An diesem Vormittag steht Martin Rhein im Klassenzimmer der IFö II und beobachtet, während Natalia Wenn den Text weiter Wort für Wort durchgeht. Immer wieder huscht ein Lächeln über sein Gesicht, er schmunzelt über Antworten und nickt stolz zu den Wortbeiträgen seiner Schützlinge. „Wir sehen jetzt die Erfolge, das motiviert sehr“, erklärt der Pädagoge. Doch taugt das Prinzip Förderklassen als Blaupause? Immerhin wird es regelmäßig als diskriminierend, trennend und als Gegensatz zur Inklusion bezeichnet. So pauschal könne man das Konzept nicht verurteilen, meint Nora von Dewitz. „Solche Förderklassen können unter Umständen deutlich positiver sein, weil die Rahmenbedingungen einfach viel besser sind.“ Also zum Beispiel die Qualifikation der Lehrkräfte, deren Motivation und die Klassengröße. Am Ende entscheidet der Abgleich mit der Regelklasse: Wenn nämlich dort genau diese Bedingungen sehr viel schlechter sind, kann die Förderklasse die bessere Lösung sein.

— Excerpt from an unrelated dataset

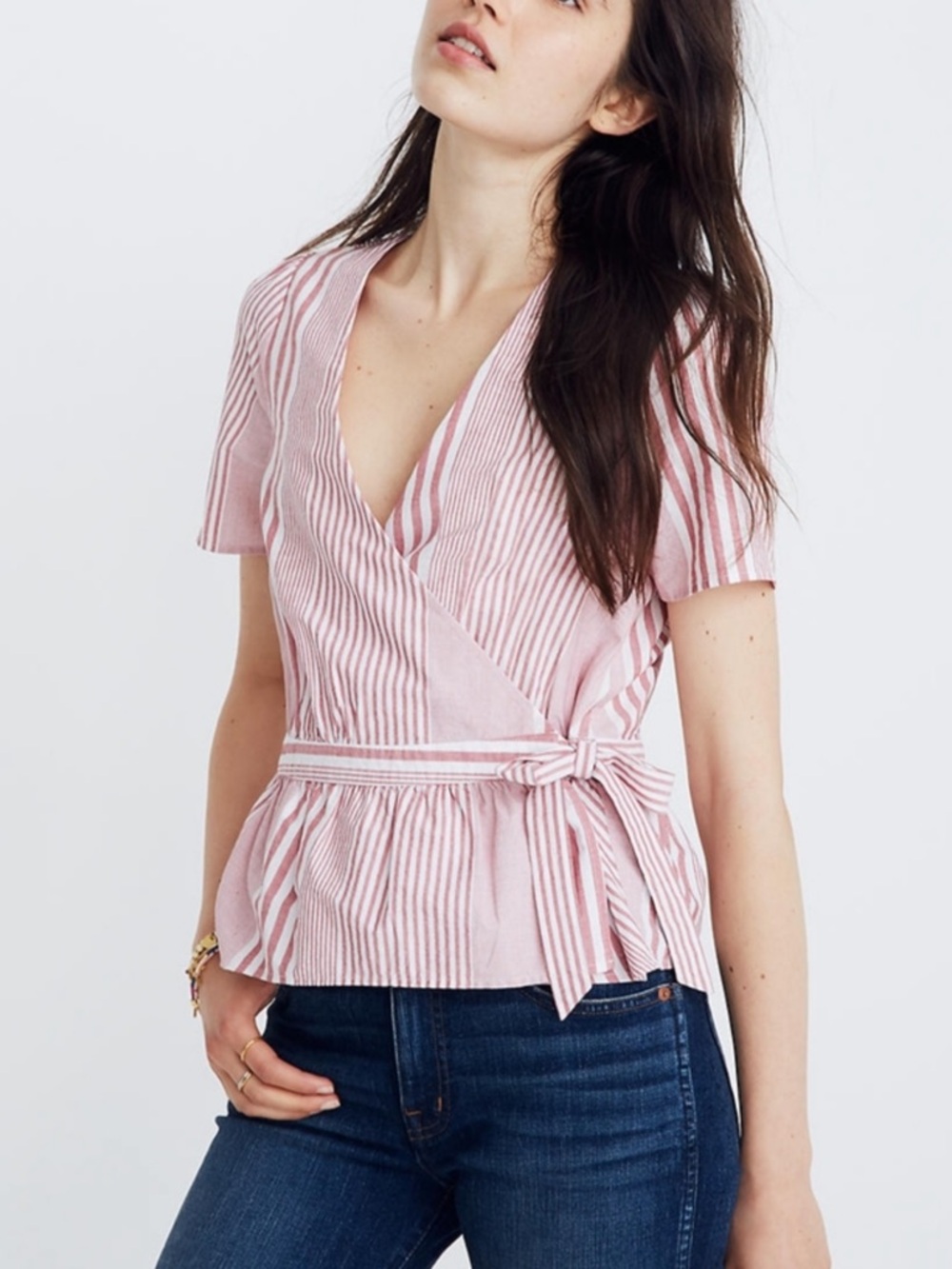 Madewell Red and White Striped Wrap Peplum Blouse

Große Pause in der Surressestraße. Die Kinder spielen Fußball in gemischten Gruppen, stehen zusammen und tuscheln oder üben Tanz-Moves. Man sieht: Sie fühlen sich wohl hier. „Wir lachen viel im Unterricht“, sagt Leonardo in der Pause auf dem Schulhof, umgeben von anderen Schüler*innen. Auf die Frage, ob er schon Freundinnen und Freunde gefunden hat, strahlt er und erwidert: „Fast die ganze Schule.“
Mercator-Institut für Sprachförderung und Deutsch als Zweitsprache
Das Mercator-Institut für Sprachförderung und Deutsch als Zweitsprache ist ein durch die Stiftung Mercator initiiertes und gefördertes Institut der Universität zu Köln. Es will sprachliche Bildung verbessern. Mit seiner Forschung und seinen wissenschaftlichen Serviceleistungen zu sprachlicher Bildung in einer mehrsprachigen Gesellschaft trägt das Mercator-Institut zu mehr Chancengleichheit im Bildungssystem bei.